DATA TO PROCESS Start Marker

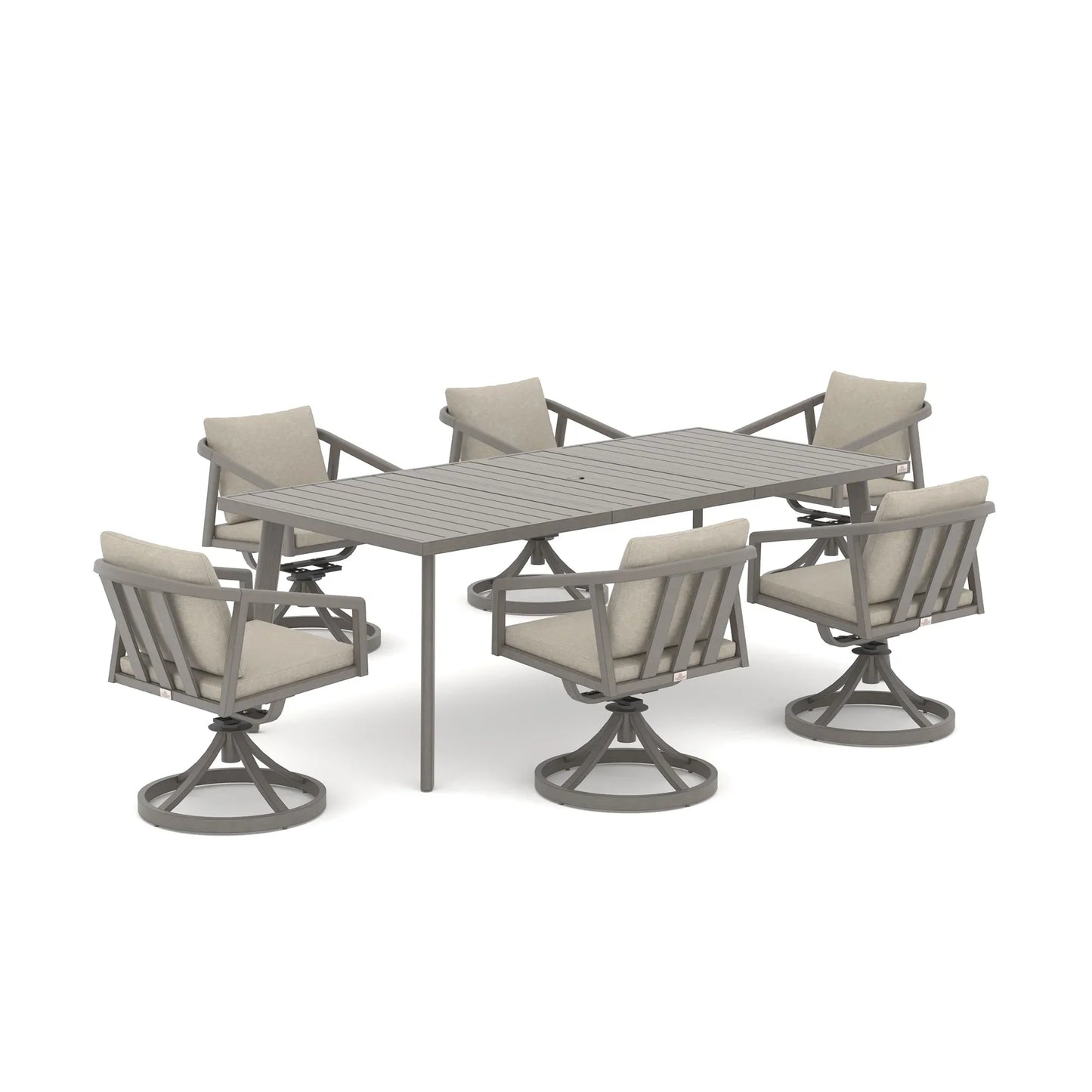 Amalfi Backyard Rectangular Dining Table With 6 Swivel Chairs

DATA TO PROCESS End Marker
DATA TO PROCESS Start Marker

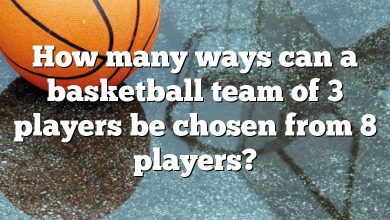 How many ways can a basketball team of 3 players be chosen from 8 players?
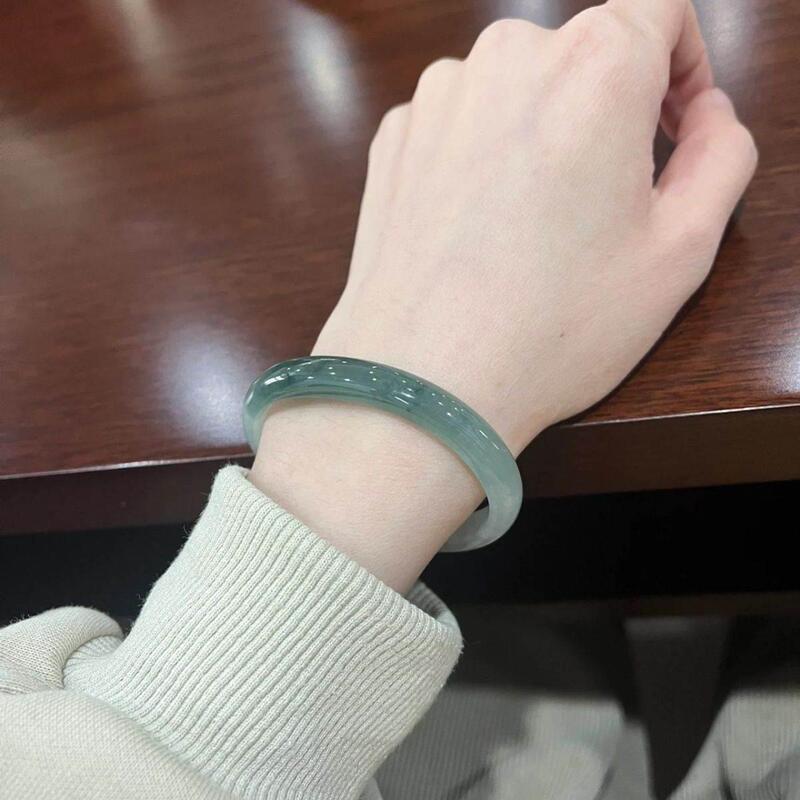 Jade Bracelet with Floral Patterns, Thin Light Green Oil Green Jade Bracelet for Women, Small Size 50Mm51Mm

DATA TO PROCESS End Marker

* [INSTRUCTIONS FOR THE TASK]: Write out word for word the lines of the listing above from the line with "How many ways" to the line with "Jade Bracelet with", taking in both of those lines but no pictures.

* [SOLUTION FOR THIS PROBLEM]:
 How many ways can a basketball team of 3 players be chosen from 8 players?
 Jade Bracelet with Floral Patterns, Thin Light Green Oil Green Jade Bracelet for Women, Small Size 50Mm51Mm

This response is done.